I need a good one for pp. Please suggest one for a hobbyist and a professional. I might get the best one if affordable. Also, do these things calibrate for normal brightness, contrast, exposure, etc? Thanks.


----------



## pbelarge (Jun 30, 2010)

vd853
Take a look at the google link I have posted. This may keep you busy for a while. 

Google


----------



## dhilberg (Jul 1, 2010)

vd853 said:


> I need a good one for pp. Please suggest one for a hobbyist and a professional. I might get the best one if affordable. Also, do these things calibrate for normal brightness, contrast, exposure, etc? Thanks.

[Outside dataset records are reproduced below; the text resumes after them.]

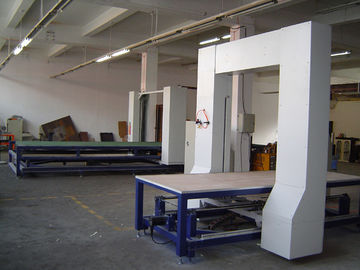 Κινητό PE/τέμνουσα μηχανή περιγράμματος PVC CNC με την κοπή του πλαισίου, κόπτης αφρού της EVA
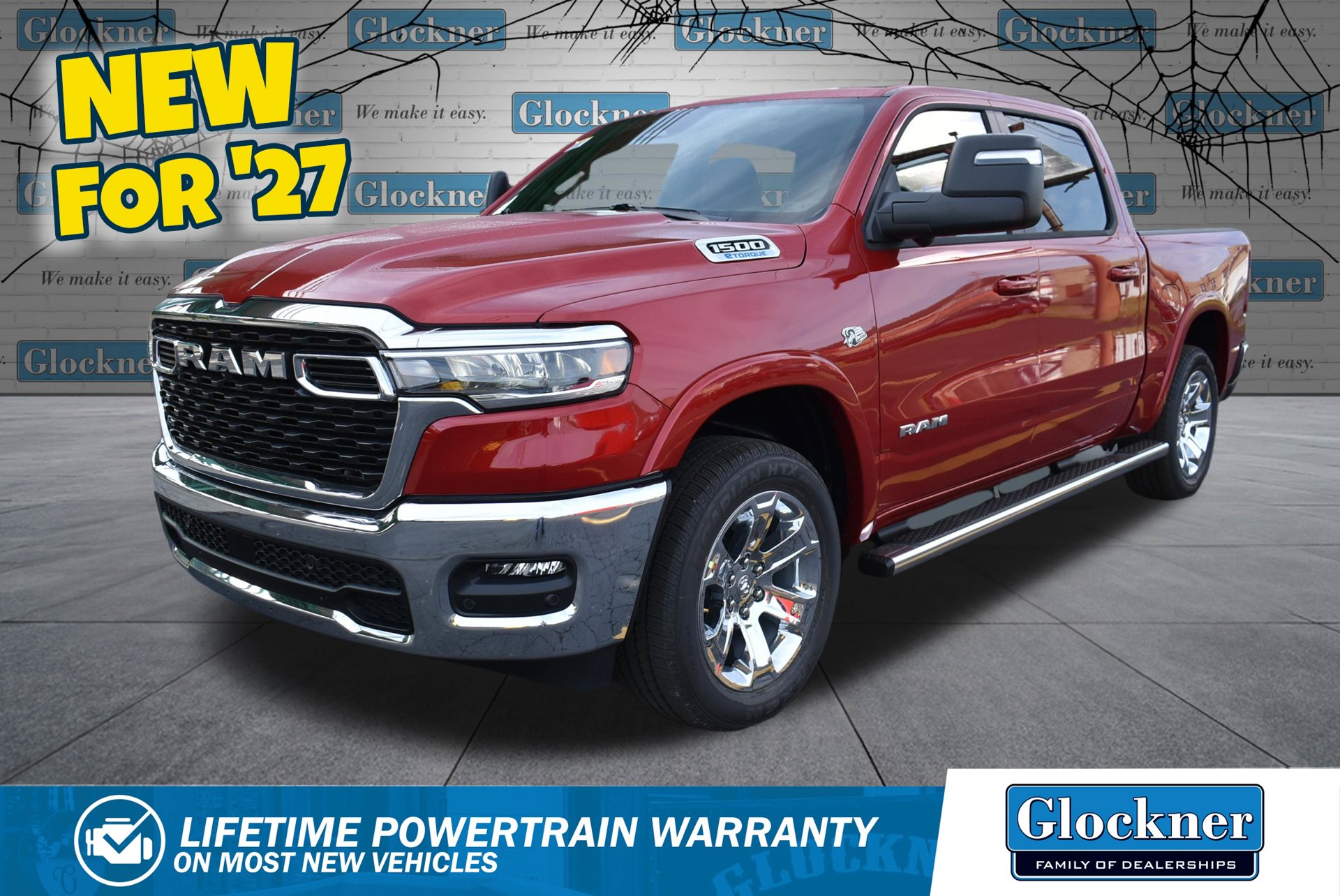 2027 Ram 1500 BIGHORN/LONESTAR CREW 4X4 Pickup
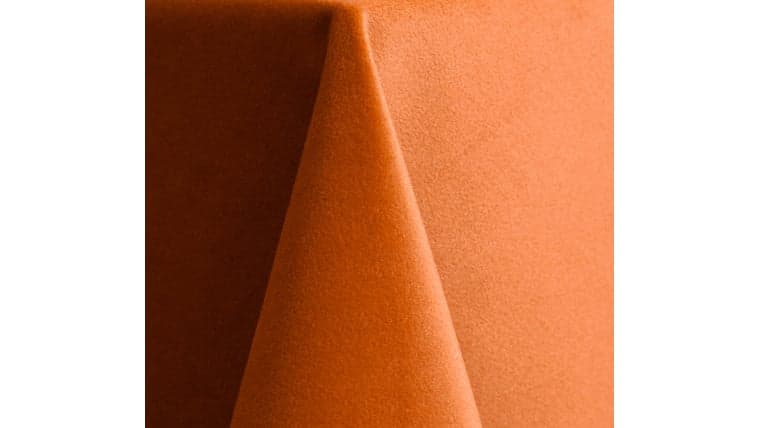 Velvet Burnt Orange Napkin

I use the Spyder 3 Pro. Works great.



pbelarge said:


> vd853
> Take a look at the google link I have posted. This may keep you busy for a while.
> 
> Google



I think he's asking for specifics there smart alek. He's probably already done a Google search and found himself lost in the results.


----------



## sovietdoc (Jul 1, 2010)

Spyder is the best IMO.


----------



## KmH (Jul 1, 2010)

I'm real partial to X-Rite's products. I use the i1 Display 2, myself. 
X-Rite - i1Display 2 Colorimeter Monitor Profile - EODIS2 - B&H

I don't do my own printing so I don't need a spectrophotometer to profile both monitors and printes/scanners, like X-Rite's ColorMunki:

X-Rite - ColorMunki Photo Color Management Solution - CMUNPH -

Actually, you are not calibrating a monitor, you are profiling a monitor.

How well that profiling can be done depends on the display technology your monitor uses, be it TN (Twisted Nematic), IPS (In-Plane Switching), or PVA (Patterned Vertical alignment), and the range of adjustments your particular monitor allows.


----------